*** Opening of RECORDS FOR THE EXERCISE ***

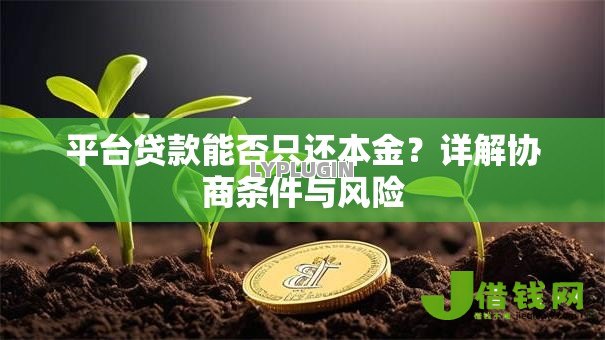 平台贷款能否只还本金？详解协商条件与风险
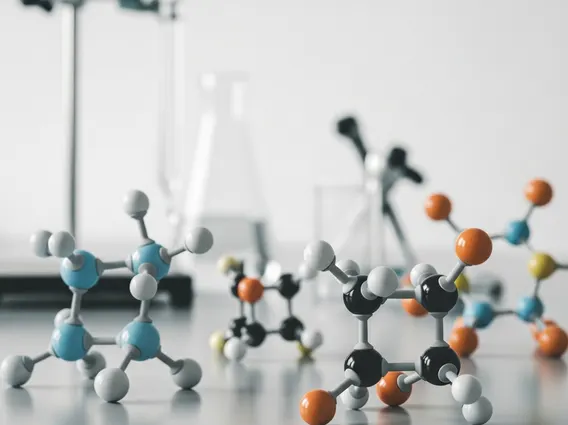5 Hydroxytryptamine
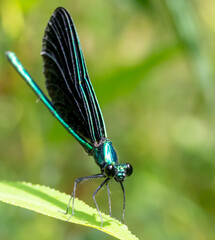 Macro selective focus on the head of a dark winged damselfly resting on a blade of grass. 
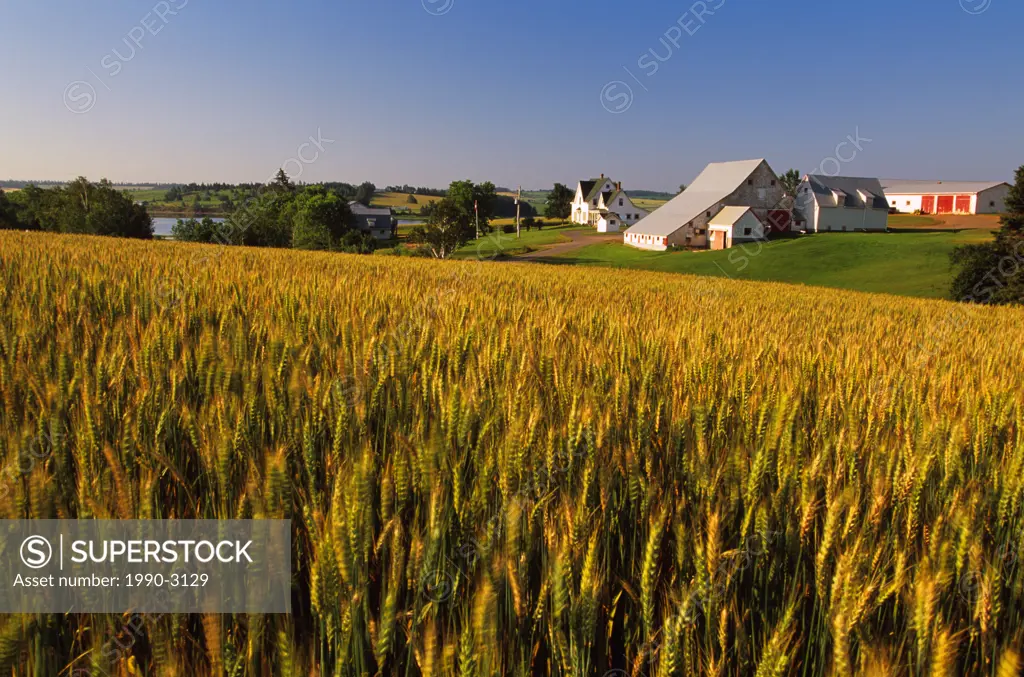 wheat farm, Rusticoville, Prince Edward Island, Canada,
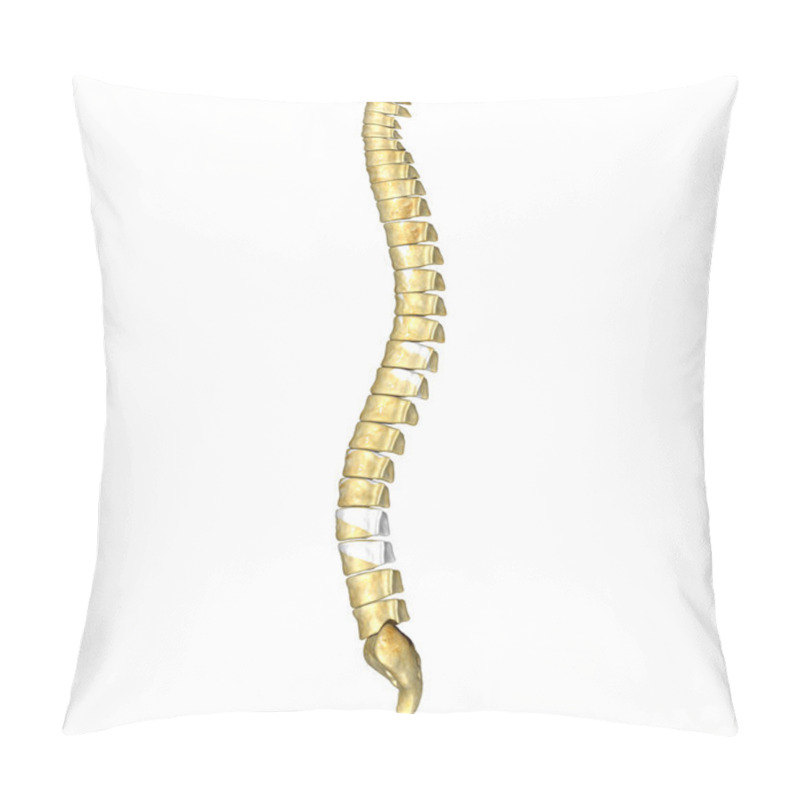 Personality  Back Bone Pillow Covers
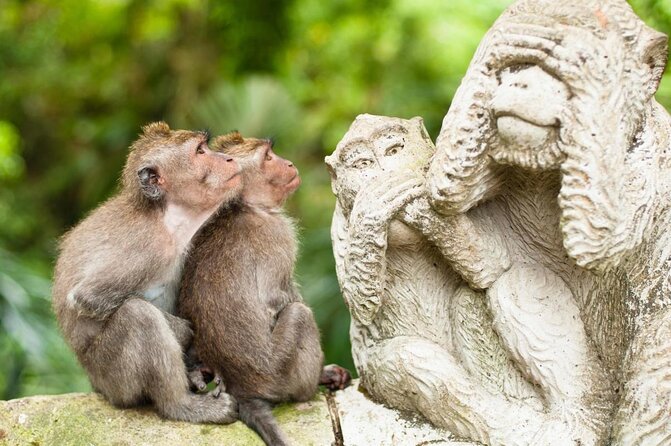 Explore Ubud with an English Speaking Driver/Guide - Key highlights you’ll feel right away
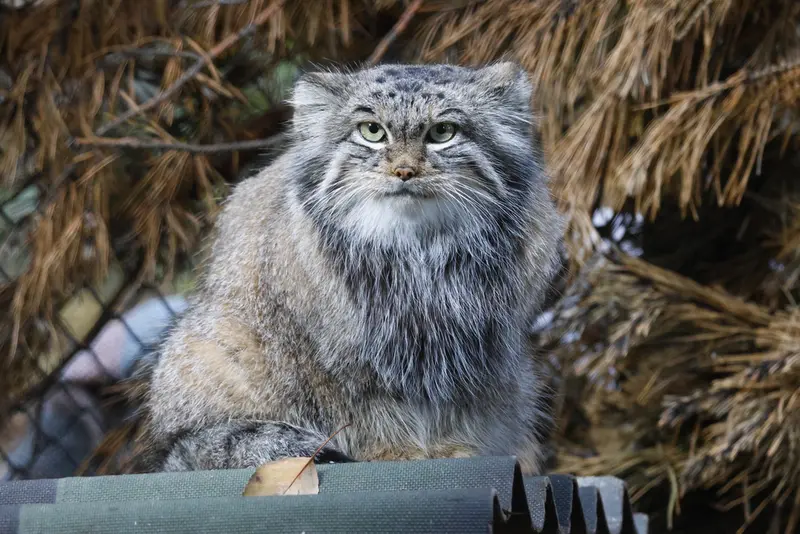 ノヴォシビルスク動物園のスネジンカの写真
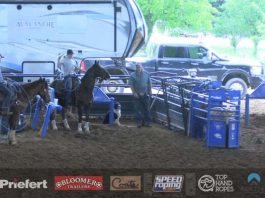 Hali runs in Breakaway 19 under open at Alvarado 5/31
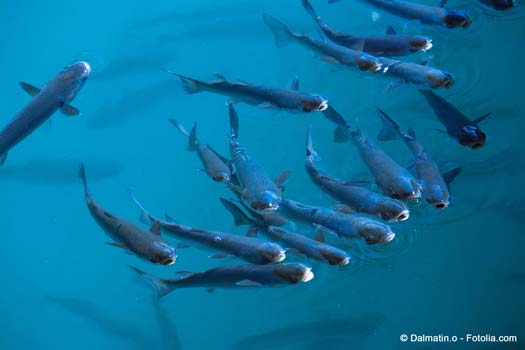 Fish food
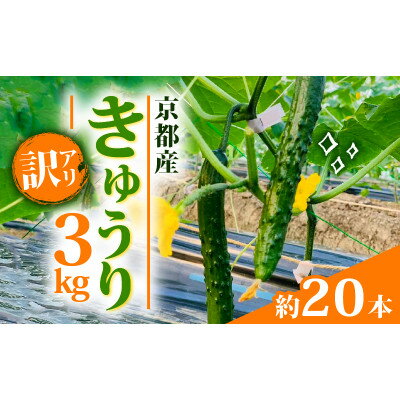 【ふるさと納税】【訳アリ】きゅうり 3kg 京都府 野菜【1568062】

*** Close of RECORDS FOR THE EXERCISE ***

Everything above except the pictures must be restated exactly.

**ANSWER AREA:**
 平台贷款能否只还本金？详解协商条件与风险
5 Hydroxytryptamine
 Macro selective focus on the head of a dark winged damselfly resting on a blade of grass. 
 wheat farm, Rusticoville, Prince Edward Island, Canada,
 Personality  Back Bone Pillow Covers
 Explore Ubud with an English Speaking Driver/Guide - Key highlights you’ll feel right away
 ノヴォシビルスク動物園のスネジンカの写真
 Hali runs in Breakaway 19 under open at Alvarado 5/31
 Fish food
 【ふるさと納税】【訳アリ】きゅうり 3kg 京都府 野菜【1568062】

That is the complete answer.